Das war die Zeit, in der Shego und einige Jahre danach KP und Ron in die Partei kamen. Rechtzeitig für einen Generationenwechsel und die KPM ins 21. Jahrhundert zu führen.
Mit dieser Trotzkistenstory hat Shego eigentlich nichts zu tun und so dumm um daran zu glauben, kann sie gar nicht sein. Ist sie auch nicht, es ist nur ihre Neigung zu maßloser Gewalt und notorischen Ausrastern, der hier einen willkommenne Vorwand gefunden hat und besonders KP und Ron bekommen regelmäßig den Segen ab.
Das wirft die Frage auf, wie ist Shego eigentlich in die KPM geraten? Ganz so naheliegend scheint das ja nicht zu sein. Nun die Geschichte der KPM muß erst noch geschrieben werden. Da liegt vieles noch im Verborgenen.
Eine Spätfolge zeigt sich bis heute in der KPM. Das was die erste Vorsitzende als proletarische Trinkfestigkeit bezeichnet und anlässlich der Umbrüche vor 25 Jahren hat die Partei nun eine Gedenkmarke herausgebracht.
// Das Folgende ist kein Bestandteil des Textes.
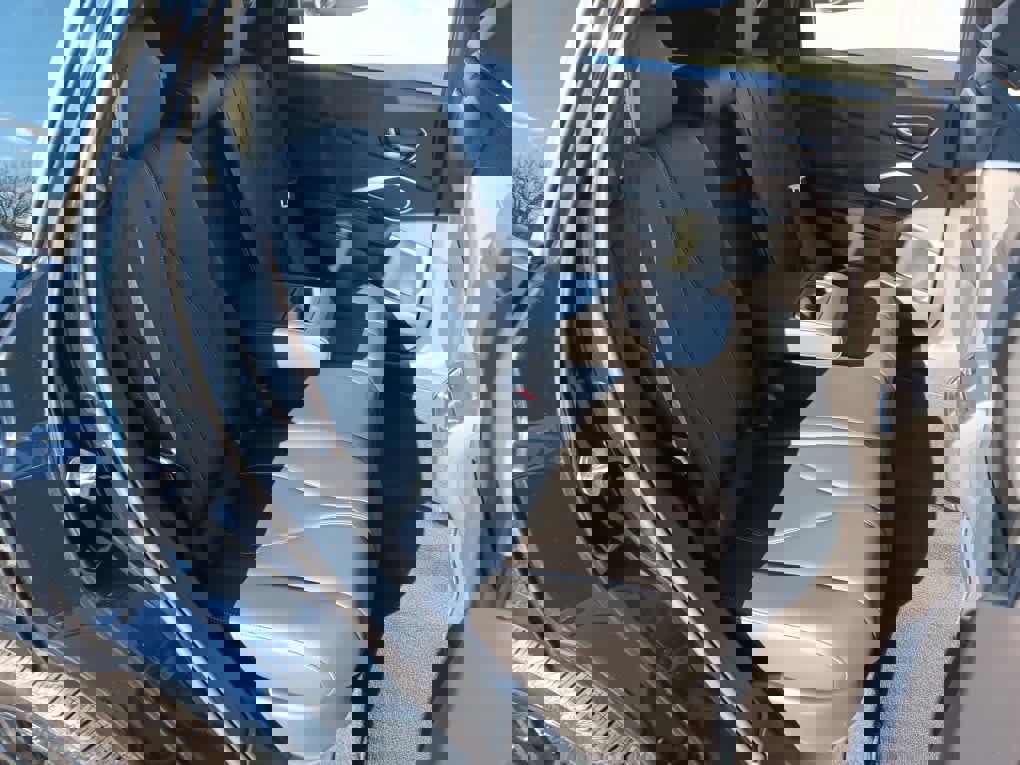 Used 2025 Acura RDX SH-AWD image 17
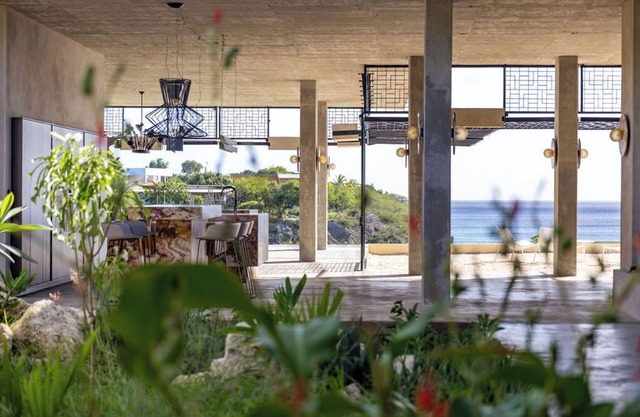Artistic full off grid oceanfront Villa with tropical garden and luxury kitchen.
Historisch nicht ganz authentisch, KP war 1988 weder in der Partei noch auf der Welt. Dafür zeigt der Entwurf KP in alltäglicher Erscheinung bei der Parteileitung und so dürfte es auch 90 in der Zentrale zugegangen sein. In einer weiteren Ausgabe darf freilich die erste Vorsitzende nicht fehlen und wenn schon, dann selbstverständlich mit Spitzhacke.